(Stored data)

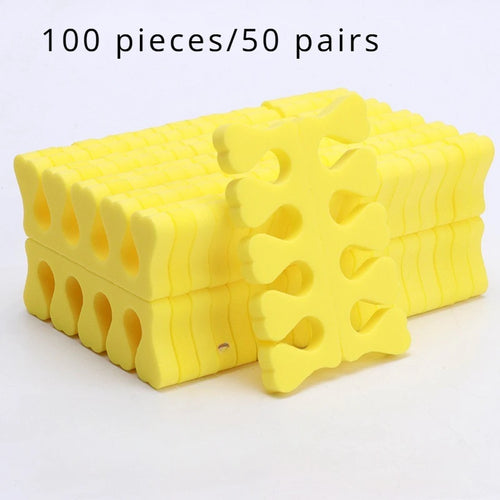 100,200pcs/Pack Nail Art Toe Separators Fingers Foots Sponge Soft UV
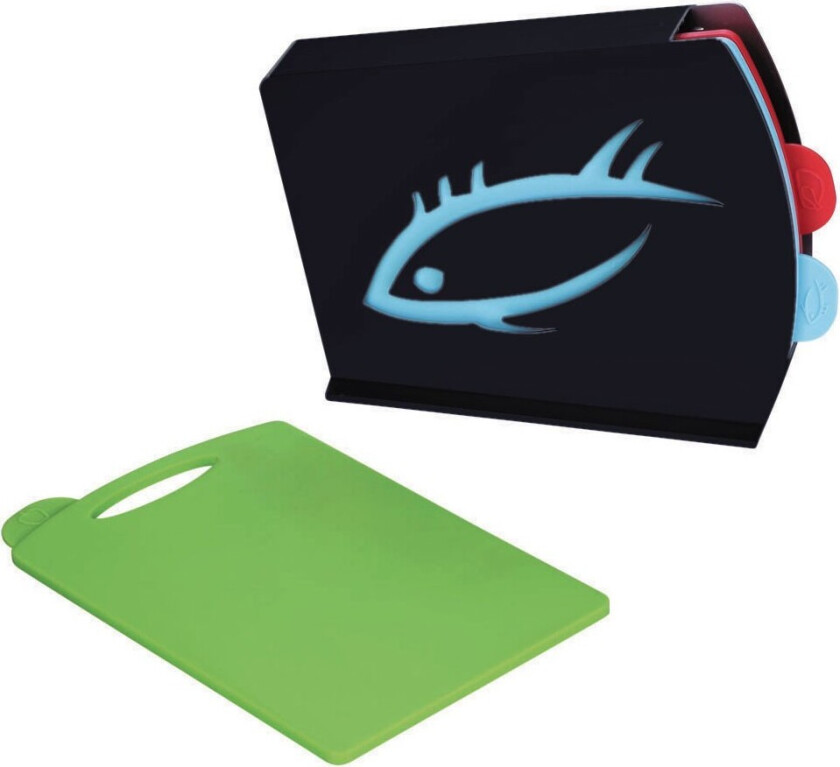 Skjærebrett-sett i plast med stativ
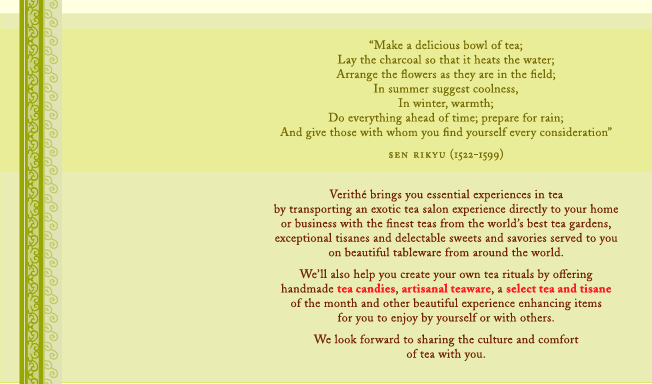 Verith&eacute; brings you essential experiences in tea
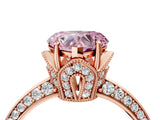 Rose gold Fancy Pink Heart Cut Solitaire Split Shank Pave Diamond Engagement Ring with Four-Prong Setting_28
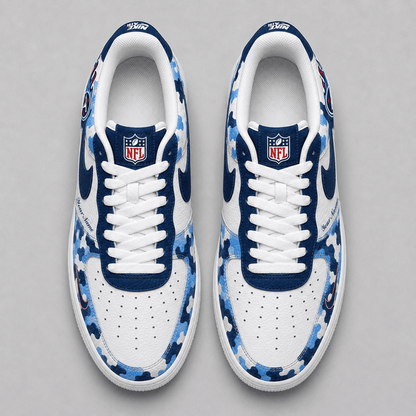 [SPECIAL OFFER] NEW CUSTOMIZED NFL31 TST TENNESSEE TITANS AF1 SHOES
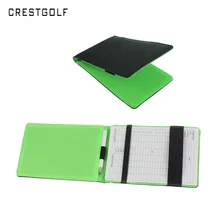 CRESTGOLF PU leather Golf Score Card Holder as Golf Gifts Golf accessories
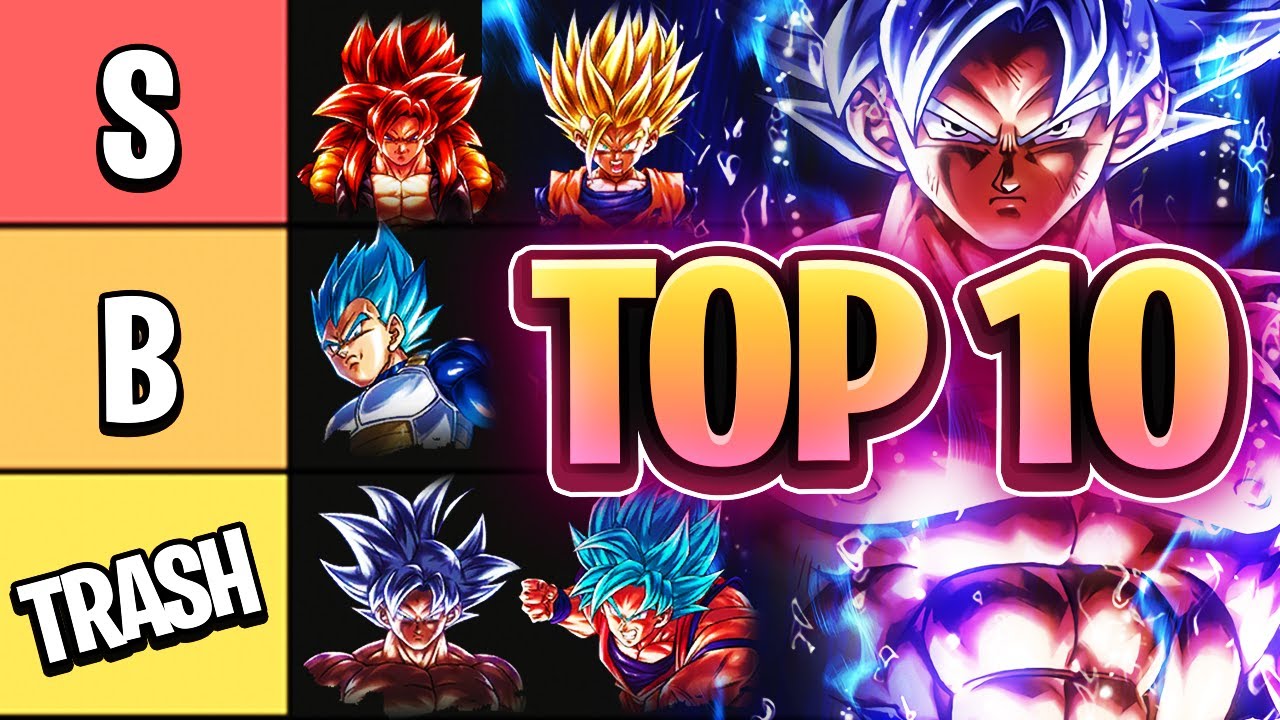 THE TOP 10 BEST CHARACTERS IN DRAGON BALL LEGENDS w/ @Goresh | DB LEGENDS -  YouTube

Work required: Return nothing but the lines running from the start of the data to the line with "Rose gold Fancy", please, both ends included and no pictures.

The completed task:
 100,200pcs/Pack Nail Art Toe Separators Fingers Foots Sponge Soft UV
 Skjærebrett-sett i plast med stativ
 Verith&eacute; brings you essential experiences in tea
 Rose gold Fancy Pink Heart Cut Solitaire Split Shank Pave Diamond Engagement Ring with Four-Prong Setting_28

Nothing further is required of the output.